Questions about Memory
9p15p opened this issue · 2 comments
Thanks for your great work.
I have two questions about memory_bus
and memory_pos
.
The first one:
In the paper, memory tokens helps features in different frames communicate with each other.
However, In the code, It seems the communications is designed for communication among layers.
for layer_idx in range(self.num_layers):
output = torch.cat((output, memory_bus))
output = self.enc_layers[layer_idx](output, src_mask=mask,
src_key_padding_mask=src_key_padding_mask, pos=pos)
output, memory_bus = output[:hw, :, :], output[hw:, :, :]
memory_bus = memory_bus.view(M, bs, t, c).permute(2,1,0,3).flatten(1,2) # TxBMxC
memory_bus = self.bus_layers[layer_idx](memory_bus)
memory_bus = memory_bus.view(t, bs, M, c).permute(2,1,0,3).flatten(1,2) # MxBTxC
The second one:
It seems self.memory_bus
and self.memory_pos
are not updated.
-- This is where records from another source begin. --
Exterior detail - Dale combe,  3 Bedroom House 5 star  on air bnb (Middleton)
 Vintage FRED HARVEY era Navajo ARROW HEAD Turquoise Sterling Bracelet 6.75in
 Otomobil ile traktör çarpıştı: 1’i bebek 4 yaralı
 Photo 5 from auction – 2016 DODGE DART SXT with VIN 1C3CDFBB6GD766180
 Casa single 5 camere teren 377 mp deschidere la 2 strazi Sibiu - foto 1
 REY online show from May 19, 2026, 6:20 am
Intuitively, I guess it will be helpful if it is updated along with frames.
self.memory_bus = torch.nn.Parameter(torch.randn(num_memory_bus, d_model))
self.memory_pos = torch.nn.Parameter(torch.randn(num_memory_bus, d_model))
if num_memory_bus:
nn.init.kaiming_normal_(self.memory_bus, mode="fan_out", nonlinearity="relu")
nn.init.kaiming_normal_(self.memory_pos, mode="fan_out", nonlinearity="relu")
self.return_intermediate_dec = return_intermediate_dec
self.d_model = d_model
self.nhead = nhead
def _reset_parameters(self):
for p in self.parameters():
if p.dim() > 1:
nn.init.xavier_uniform_(p)
def pad_zero(self, x, pad, dim=0):
if x is None:
return None
pad_shape = list(x.shape)
pad_shape[dim] = pad
return torch.cat((x, x.new_zeros(pad_shape)), dim=dim)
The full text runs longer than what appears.